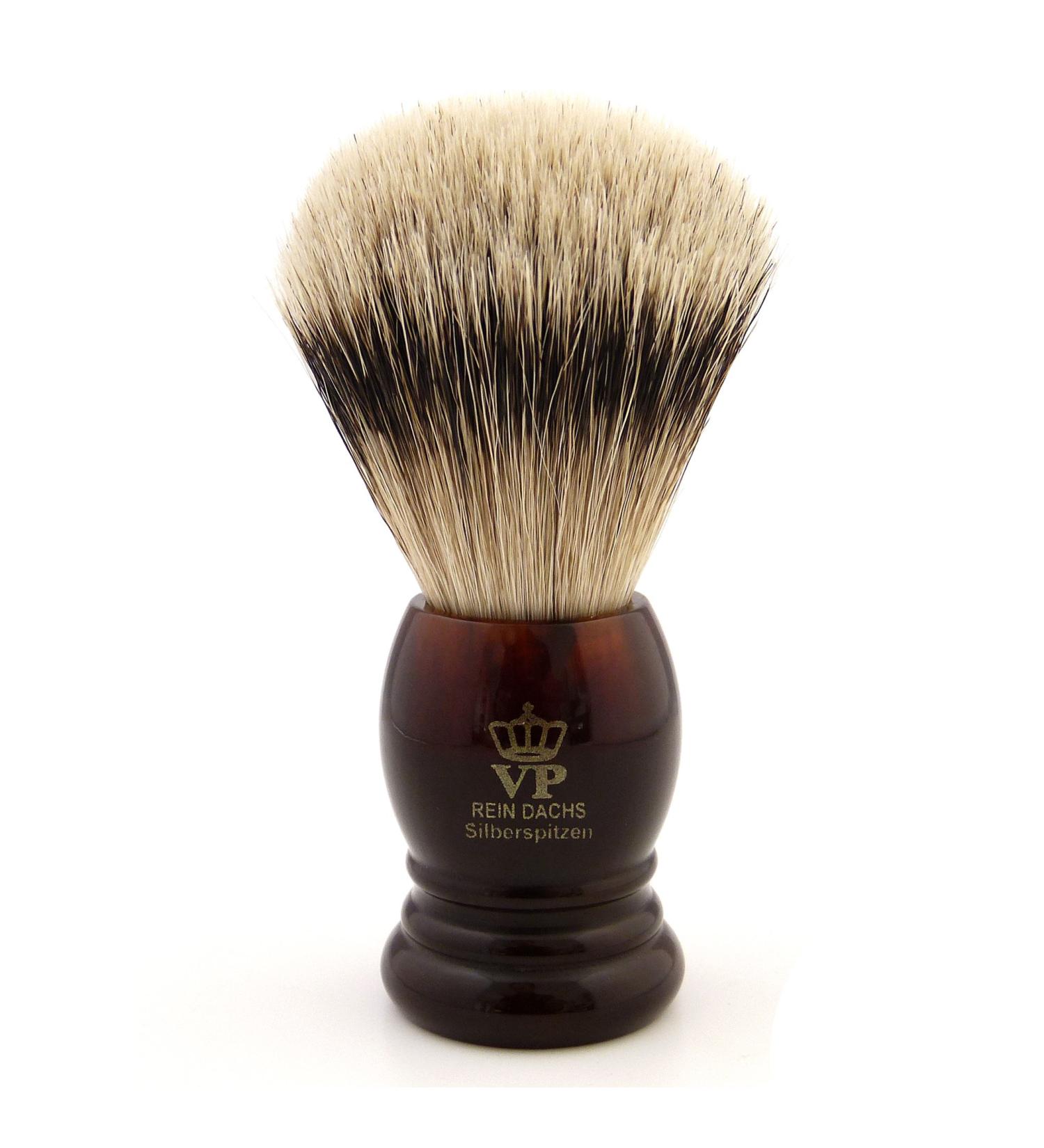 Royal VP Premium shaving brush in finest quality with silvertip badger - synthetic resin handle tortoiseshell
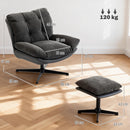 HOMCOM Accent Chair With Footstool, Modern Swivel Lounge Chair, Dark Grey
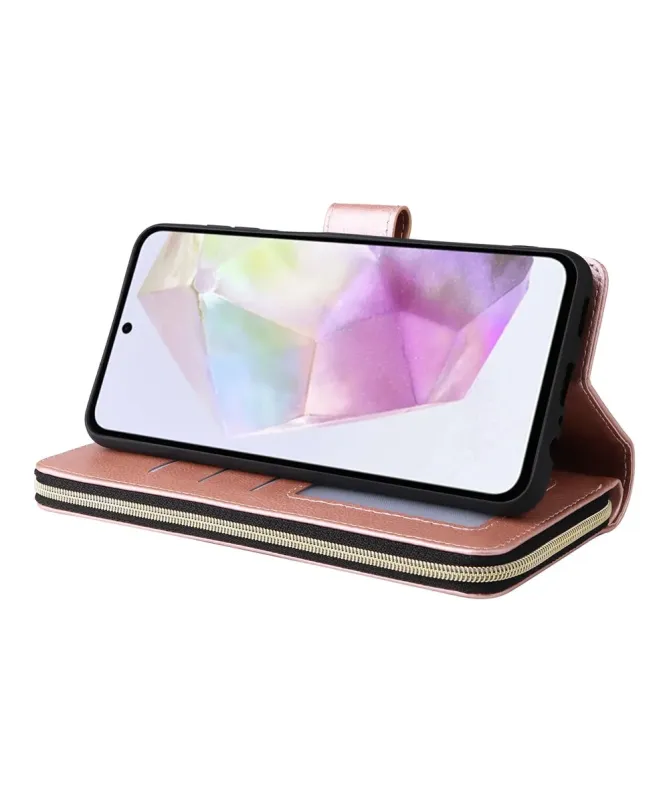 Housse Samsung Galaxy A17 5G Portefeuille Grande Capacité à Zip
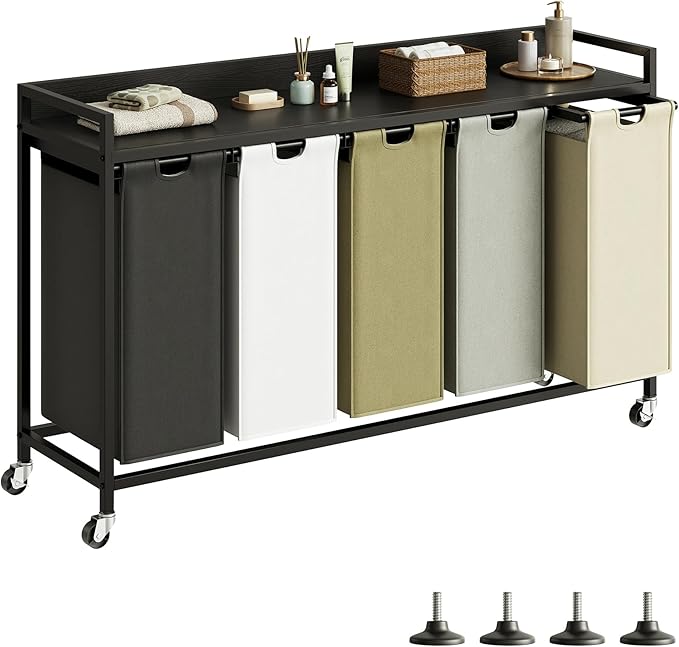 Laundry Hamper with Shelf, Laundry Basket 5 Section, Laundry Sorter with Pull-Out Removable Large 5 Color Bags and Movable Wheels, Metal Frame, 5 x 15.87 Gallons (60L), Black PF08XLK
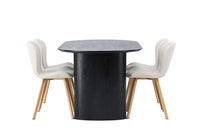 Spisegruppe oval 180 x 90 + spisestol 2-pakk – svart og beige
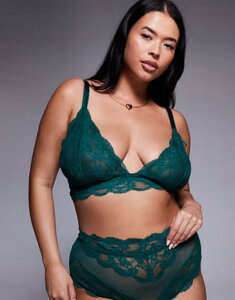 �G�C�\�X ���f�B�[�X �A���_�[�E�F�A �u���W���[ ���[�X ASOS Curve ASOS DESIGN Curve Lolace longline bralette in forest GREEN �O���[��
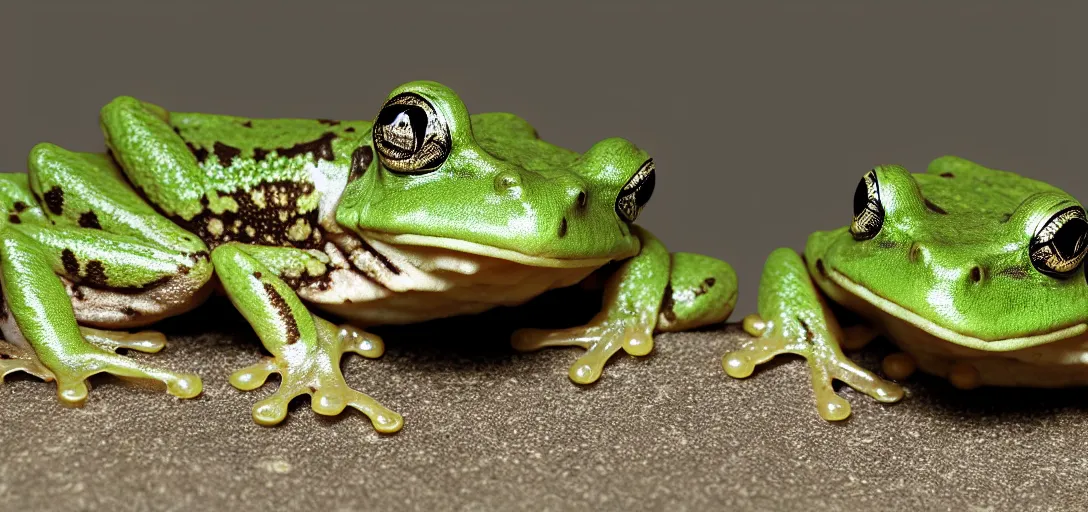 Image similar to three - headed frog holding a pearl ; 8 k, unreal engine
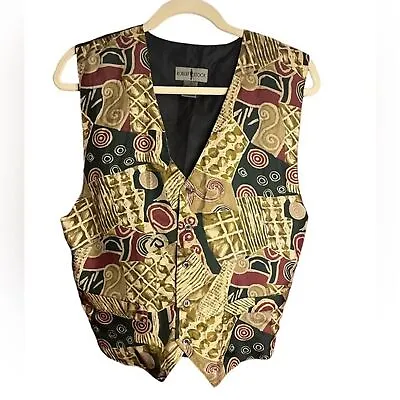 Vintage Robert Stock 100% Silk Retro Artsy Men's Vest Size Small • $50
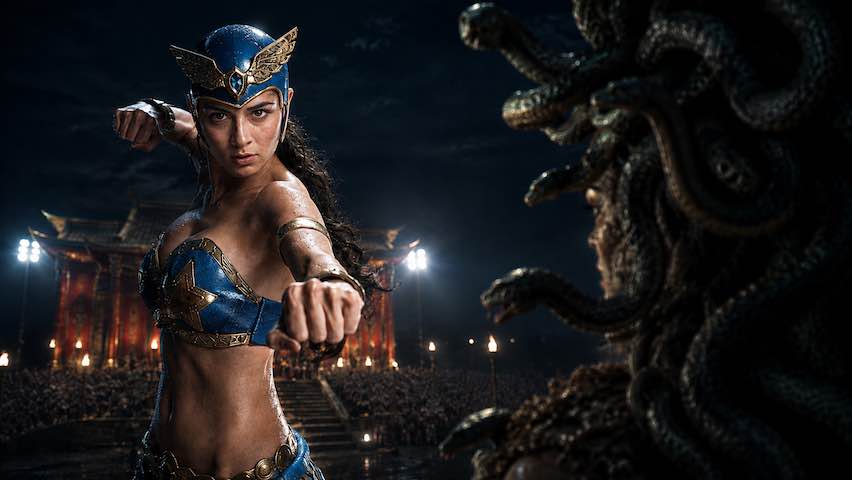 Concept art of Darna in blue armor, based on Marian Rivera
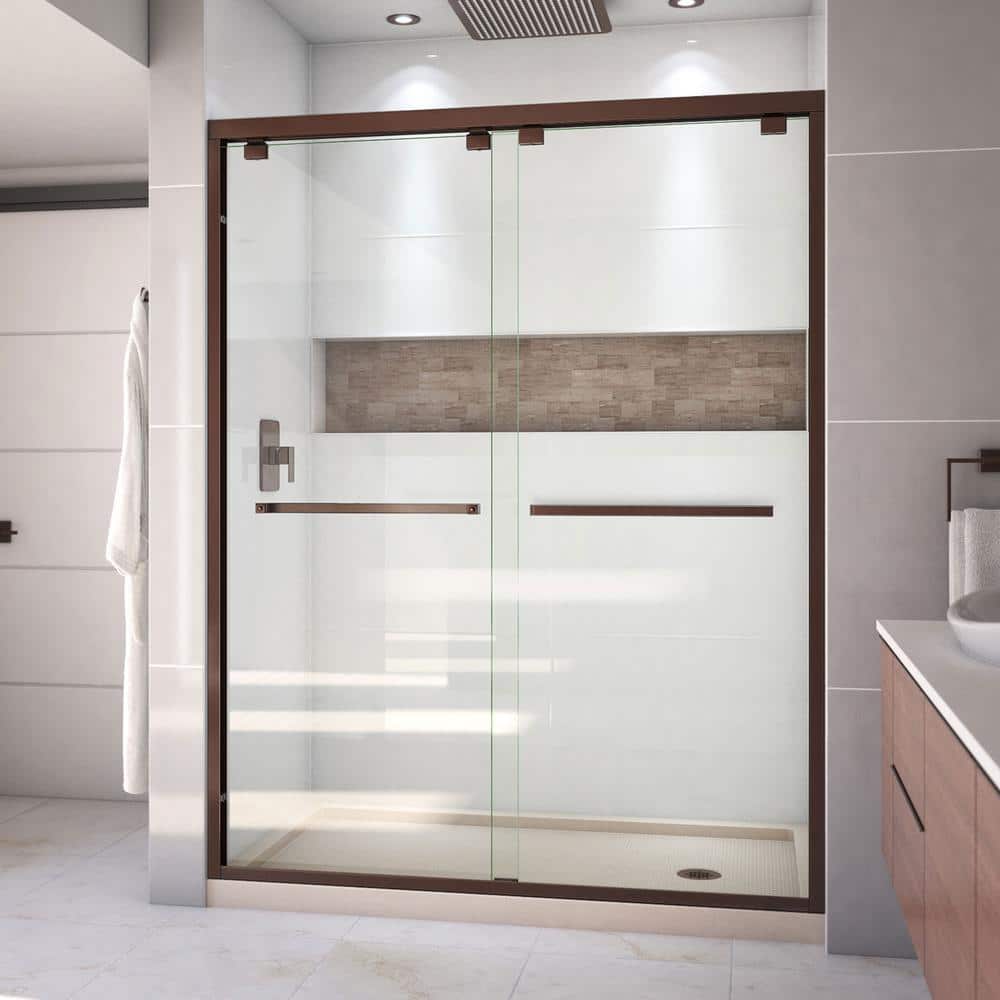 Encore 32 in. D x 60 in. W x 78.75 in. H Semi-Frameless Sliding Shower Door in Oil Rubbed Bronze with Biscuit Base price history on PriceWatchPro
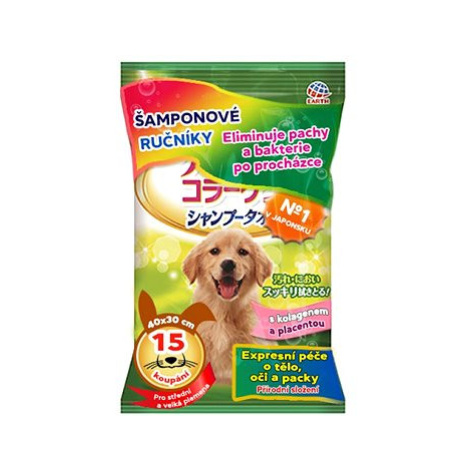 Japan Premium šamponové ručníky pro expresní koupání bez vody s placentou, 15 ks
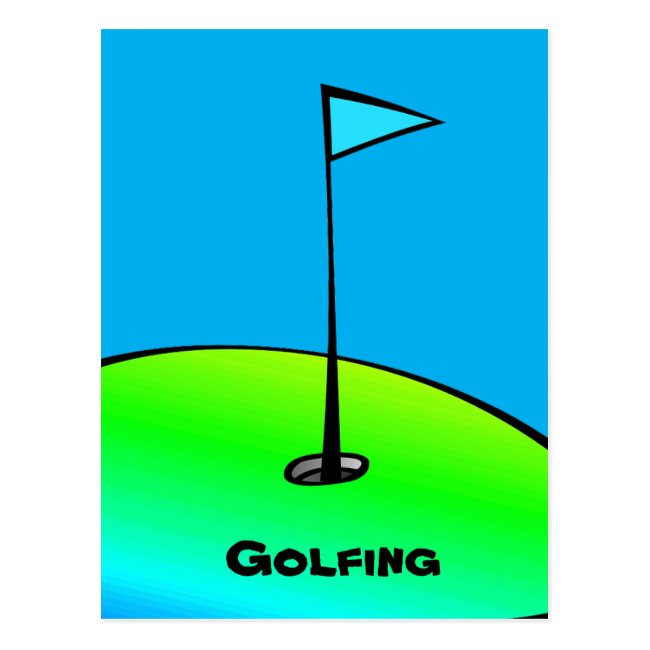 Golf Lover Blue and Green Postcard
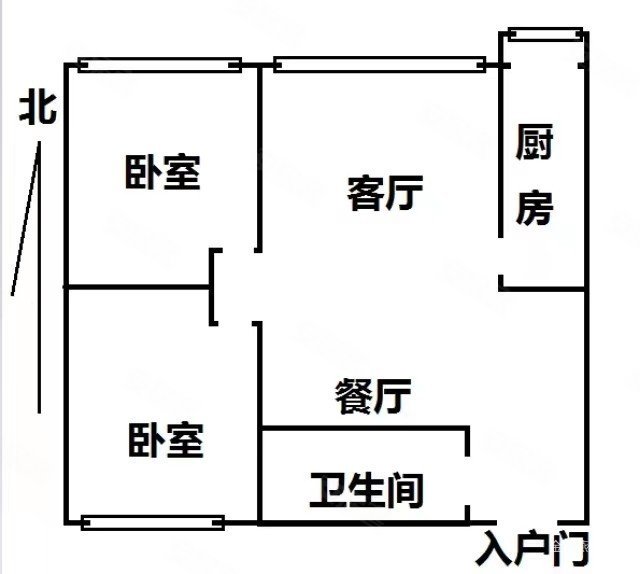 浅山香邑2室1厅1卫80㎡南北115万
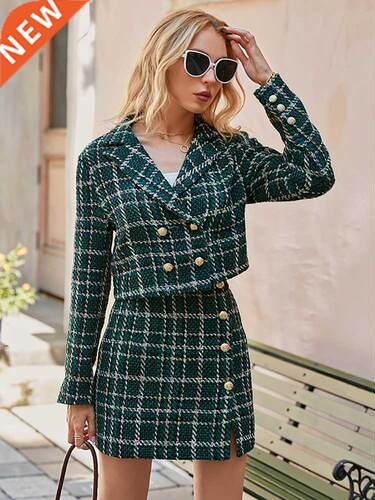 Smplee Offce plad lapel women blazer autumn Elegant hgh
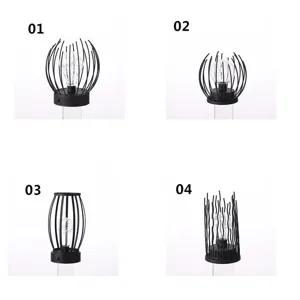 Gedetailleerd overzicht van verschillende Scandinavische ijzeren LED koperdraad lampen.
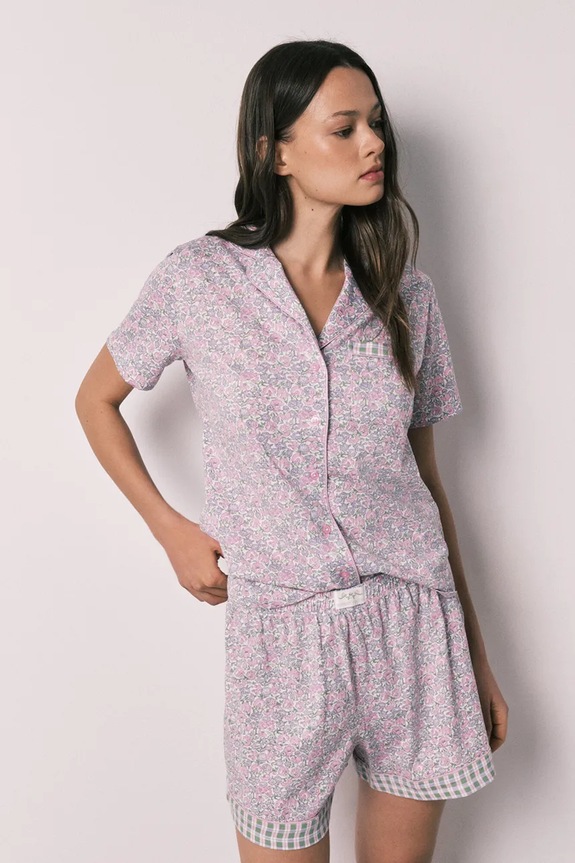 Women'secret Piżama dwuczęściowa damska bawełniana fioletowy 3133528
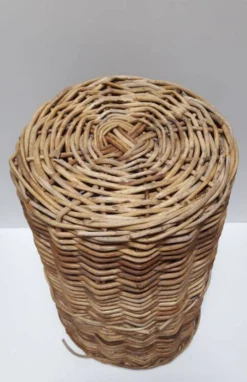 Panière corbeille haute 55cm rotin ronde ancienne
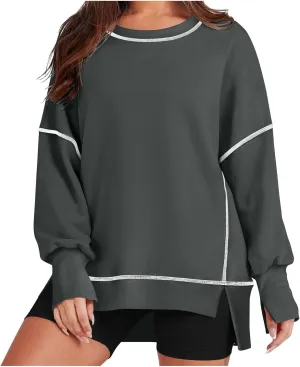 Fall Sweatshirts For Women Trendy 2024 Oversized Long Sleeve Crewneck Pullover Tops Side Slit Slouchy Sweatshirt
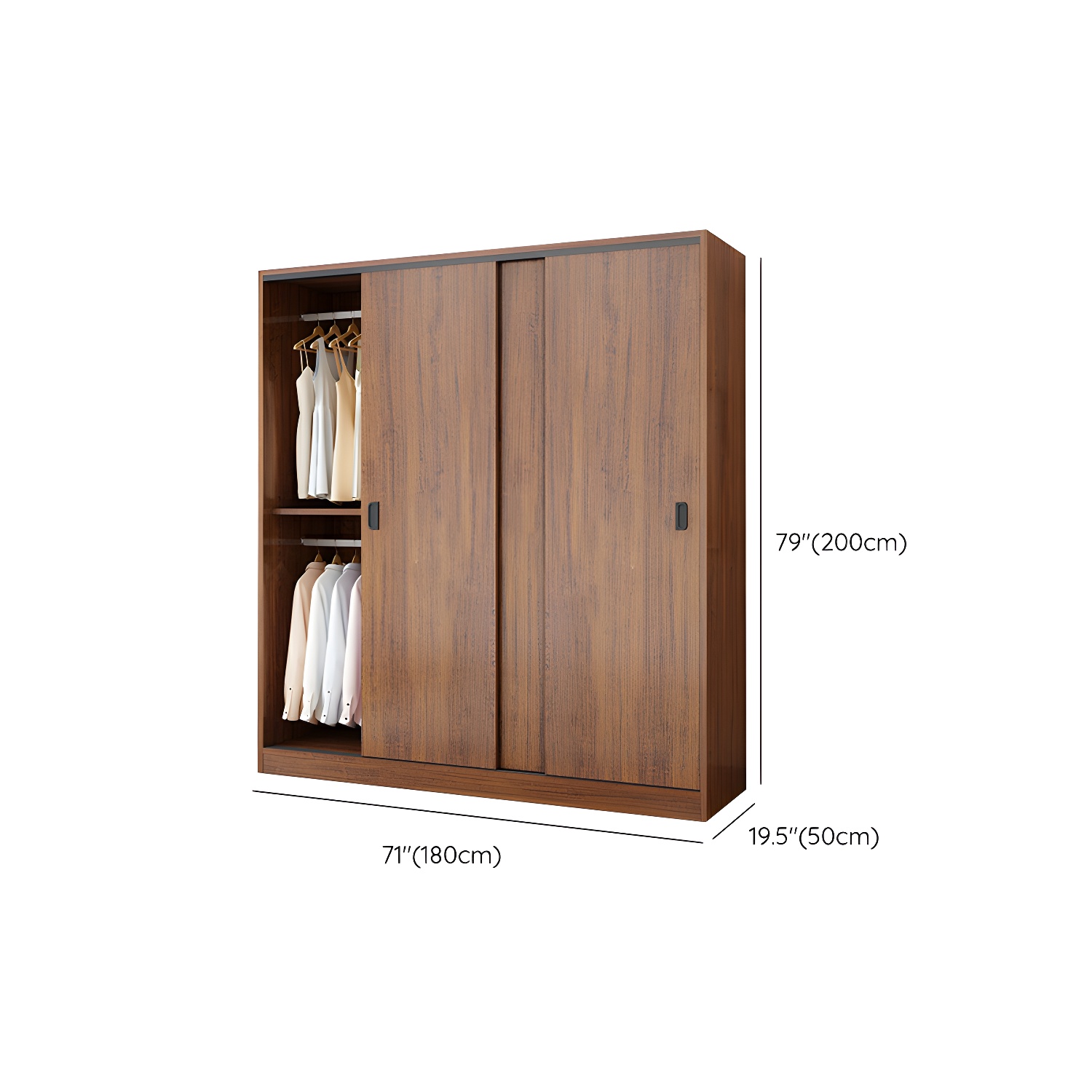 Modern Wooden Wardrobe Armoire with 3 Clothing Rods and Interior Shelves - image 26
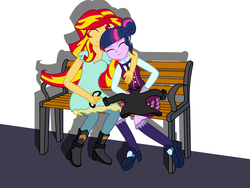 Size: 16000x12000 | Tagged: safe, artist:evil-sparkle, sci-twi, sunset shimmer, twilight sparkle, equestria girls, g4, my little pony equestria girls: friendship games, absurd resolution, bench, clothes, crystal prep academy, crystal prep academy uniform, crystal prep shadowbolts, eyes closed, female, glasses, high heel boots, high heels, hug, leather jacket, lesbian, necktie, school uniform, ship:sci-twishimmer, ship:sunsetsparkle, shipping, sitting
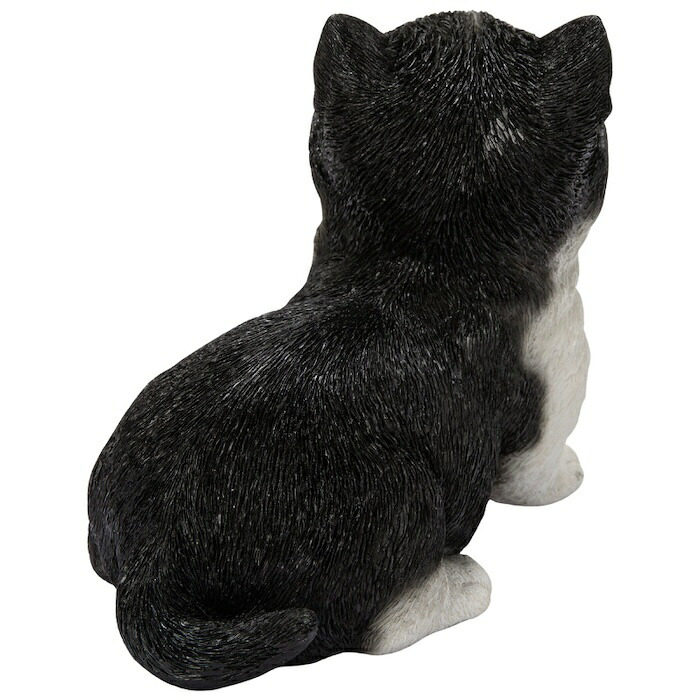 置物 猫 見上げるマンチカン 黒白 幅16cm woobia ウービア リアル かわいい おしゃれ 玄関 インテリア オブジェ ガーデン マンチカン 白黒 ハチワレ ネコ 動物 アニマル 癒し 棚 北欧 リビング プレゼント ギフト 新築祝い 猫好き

→ **WHAT YOU SHOULD DO**: Within the listing above, the lines starting at the one containing "HOMCOM Accent Chair" and ending at the one containing "Spisegruppe oval 180" are to be returned exactly. Omit the pictures.

→ **ANSWER SPACE**:
 HOMCOM Accent Chair With Footstool, Modern Swivel Lounge Chair, Dark Grey
 Housse Samsung Galaxy A17 5G Portefeuille Grande Capacité à Zip
 Laundry Hamper with Shelf, Laundry Basket 5 Section, Laundry Sorter with Pull-Out Removable Large 5 Color Bags and Movable Wheels, Metal Frame, 5 x 15.87 Gallons (60L), Black PF08XLK
 Spisegruppe oval 180 x 90 + spisestol 2-pakk – svart og beige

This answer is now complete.